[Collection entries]
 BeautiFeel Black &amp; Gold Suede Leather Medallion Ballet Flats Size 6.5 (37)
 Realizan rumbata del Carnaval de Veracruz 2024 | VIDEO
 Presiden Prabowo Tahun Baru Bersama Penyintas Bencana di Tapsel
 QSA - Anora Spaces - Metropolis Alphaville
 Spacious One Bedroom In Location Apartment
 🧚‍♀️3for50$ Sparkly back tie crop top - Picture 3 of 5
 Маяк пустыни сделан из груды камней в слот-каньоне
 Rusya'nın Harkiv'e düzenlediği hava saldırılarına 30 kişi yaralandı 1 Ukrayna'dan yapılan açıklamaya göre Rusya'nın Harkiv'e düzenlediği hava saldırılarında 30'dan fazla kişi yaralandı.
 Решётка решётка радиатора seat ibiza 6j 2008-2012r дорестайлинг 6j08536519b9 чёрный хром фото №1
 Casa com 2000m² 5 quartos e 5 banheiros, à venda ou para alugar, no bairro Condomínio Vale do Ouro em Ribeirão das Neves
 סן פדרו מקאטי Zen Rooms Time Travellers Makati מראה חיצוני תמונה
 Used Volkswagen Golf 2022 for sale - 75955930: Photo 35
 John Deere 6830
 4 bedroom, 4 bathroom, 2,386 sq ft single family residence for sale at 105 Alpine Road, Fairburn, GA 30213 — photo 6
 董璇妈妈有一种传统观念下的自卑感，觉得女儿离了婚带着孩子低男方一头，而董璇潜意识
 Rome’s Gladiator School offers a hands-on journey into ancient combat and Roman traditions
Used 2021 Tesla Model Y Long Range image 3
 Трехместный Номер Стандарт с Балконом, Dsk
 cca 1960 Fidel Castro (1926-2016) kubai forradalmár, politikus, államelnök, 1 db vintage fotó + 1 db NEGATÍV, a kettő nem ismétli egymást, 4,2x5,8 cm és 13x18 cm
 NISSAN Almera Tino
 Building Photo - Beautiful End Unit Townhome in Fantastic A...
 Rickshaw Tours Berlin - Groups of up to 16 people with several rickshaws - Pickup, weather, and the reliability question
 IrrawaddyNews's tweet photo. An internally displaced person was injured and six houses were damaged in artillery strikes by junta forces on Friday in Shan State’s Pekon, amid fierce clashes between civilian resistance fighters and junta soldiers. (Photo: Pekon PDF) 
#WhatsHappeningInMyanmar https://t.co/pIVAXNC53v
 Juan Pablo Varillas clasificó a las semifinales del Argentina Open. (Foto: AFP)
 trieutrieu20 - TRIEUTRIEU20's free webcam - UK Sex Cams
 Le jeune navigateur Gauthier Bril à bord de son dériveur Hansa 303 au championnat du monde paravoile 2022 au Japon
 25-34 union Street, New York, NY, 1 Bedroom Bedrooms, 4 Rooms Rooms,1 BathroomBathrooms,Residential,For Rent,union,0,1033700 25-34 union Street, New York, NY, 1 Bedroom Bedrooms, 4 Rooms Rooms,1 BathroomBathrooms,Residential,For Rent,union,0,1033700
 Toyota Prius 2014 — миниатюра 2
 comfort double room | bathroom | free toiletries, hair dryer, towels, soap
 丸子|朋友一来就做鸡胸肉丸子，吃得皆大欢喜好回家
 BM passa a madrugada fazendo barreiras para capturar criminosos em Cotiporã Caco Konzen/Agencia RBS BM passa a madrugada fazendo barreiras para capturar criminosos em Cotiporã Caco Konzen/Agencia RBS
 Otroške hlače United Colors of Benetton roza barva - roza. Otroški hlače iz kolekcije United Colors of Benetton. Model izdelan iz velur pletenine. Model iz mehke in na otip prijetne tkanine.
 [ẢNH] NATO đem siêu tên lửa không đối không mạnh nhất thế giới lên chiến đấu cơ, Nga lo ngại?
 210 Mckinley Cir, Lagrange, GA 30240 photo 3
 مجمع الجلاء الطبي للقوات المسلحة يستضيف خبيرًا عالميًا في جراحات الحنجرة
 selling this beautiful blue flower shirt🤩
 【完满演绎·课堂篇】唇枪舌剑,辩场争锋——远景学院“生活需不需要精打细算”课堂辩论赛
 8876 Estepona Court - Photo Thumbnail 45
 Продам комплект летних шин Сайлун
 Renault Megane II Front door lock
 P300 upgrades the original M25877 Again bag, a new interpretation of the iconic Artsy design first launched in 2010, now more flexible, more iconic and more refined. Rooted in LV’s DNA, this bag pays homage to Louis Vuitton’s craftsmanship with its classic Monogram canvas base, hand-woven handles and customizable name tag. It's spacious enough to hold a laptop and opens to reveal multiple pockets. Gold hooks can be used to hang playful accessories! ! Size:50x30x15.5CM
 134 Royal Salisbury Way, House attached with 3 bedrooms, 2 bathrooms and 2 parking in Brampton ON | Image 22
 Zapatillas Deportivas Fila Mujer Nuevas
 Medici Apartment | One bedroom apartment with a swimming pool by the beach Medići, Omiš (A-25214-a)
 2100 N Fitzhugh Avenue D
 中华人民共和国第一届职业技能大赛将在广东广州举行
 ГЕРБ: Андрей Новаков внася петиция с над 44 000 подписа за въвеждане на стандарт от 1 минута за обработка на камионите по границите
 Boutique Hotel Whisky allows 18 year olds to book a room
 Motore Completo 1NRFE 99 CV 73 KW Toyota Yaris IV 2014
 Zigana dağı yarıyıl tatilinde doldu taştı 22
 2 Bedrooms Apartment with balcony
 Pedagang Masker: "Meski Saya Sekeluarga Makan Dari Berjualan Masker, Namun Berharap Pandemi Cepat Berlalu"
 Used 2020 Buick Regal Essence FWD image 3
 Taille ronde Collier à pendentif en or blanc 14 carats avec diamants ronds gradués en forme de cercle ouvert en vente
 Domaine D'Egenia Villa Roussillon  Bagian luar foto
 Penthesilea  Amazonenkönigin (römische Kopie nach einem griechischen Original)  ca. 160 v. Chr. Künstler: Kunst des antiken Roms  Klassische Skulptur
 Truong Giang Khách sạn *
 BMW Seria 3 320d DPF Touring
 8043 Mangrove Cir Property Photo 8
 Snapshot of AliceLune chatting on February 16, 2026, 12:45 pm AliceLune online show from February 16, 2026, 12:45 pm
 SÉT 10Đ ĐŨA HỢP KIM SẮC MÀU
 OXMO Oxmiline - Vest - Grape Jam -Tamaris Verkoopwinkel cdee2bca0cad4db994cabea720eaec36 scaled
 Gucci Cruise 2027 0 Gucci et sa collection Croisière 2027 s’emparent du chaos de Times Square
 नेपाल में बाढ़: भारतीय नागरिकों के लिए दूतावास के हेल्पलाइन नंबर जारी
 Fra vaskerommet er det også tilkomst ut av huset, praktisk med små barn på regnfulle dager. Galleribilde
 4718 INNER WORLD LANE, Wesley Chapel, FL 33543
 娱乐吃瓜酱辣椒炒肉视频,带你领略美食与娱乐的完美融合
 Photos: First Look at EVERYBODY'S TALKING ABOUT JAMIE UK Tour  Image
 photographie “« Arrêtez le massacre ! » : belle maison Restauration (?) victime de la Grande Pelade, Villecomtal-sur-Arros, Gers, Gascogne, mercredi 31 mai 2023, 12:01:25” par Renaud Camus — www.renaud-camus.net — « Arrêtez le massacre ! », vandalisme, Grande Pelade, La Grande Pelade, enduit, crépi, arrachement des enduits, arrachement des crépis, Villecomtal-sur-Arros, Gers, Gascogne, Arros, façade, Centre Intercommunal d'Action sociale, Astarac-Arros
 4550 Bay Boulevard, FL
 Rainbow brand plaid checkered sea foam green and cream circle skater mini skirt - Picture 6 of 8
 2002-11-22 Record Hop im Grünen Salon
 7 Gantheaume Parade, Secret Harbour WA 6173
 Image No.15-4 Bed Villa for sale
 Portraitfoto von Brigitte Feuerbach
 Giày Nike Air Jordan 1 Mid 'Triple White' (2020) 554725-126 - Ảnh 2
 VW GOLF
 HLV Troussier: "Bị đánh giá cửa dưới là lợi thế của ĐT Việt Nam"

[Goal of the exercise]:
All that is wanted is a faithful reproduction of the line above with "[ẢNH] NATO đem", the line with "Zapatillas Deportivas Fila Mujer Nuevas", and every line in between.

[Solution to the problem]:
 [ẢNH] NATO đem siêu tên lửa không đối không mạnh nhất thế giới lên chiến đấu cơ, Nga lo ngại?
 210 Mckinley Cir, Lagrange, GA 30240 photo 3
 مجمع الجلاء الطبي للقوات المسلحة يستضيف خبيرًا عالميًا في جراحات الحنجرة
 selling this beautiful blue flower shirt🤩
 【完满演绎·课堂篇】唇枪舌剑,辩场争锋——远景学院“生活需不需要精打细算”课堂辩论赛
 8876 Estepona Court - Photo Thumbnail 45
 Продам комплект летних шин Сайлун
 Renault Megane II Front door lock
 P300 upgrades the original M25877 Again bag, a new interpretation of the iconic Artsy design first launched in 2010, now more flexible, more iconic and more refined. Rooted in LV’s DNA, this bag pays homage to Louis Vuitton’s craftsmanship with its classic Monogram canvas base, hand-woven handles and customizable name tag. It's spacious enough to hold a laptop and opens to reveal multiple pockets. Gold hooks can be used to hang playful accessories! ! Size:50x30x15.5CM
 134 Royal Salisbury Way, House attached with 3 bedrooms, 2 bathrooms and 2 parking in Brampton ON | Image 22
 Zapatillas Deportivas Fila Mujer Nuevas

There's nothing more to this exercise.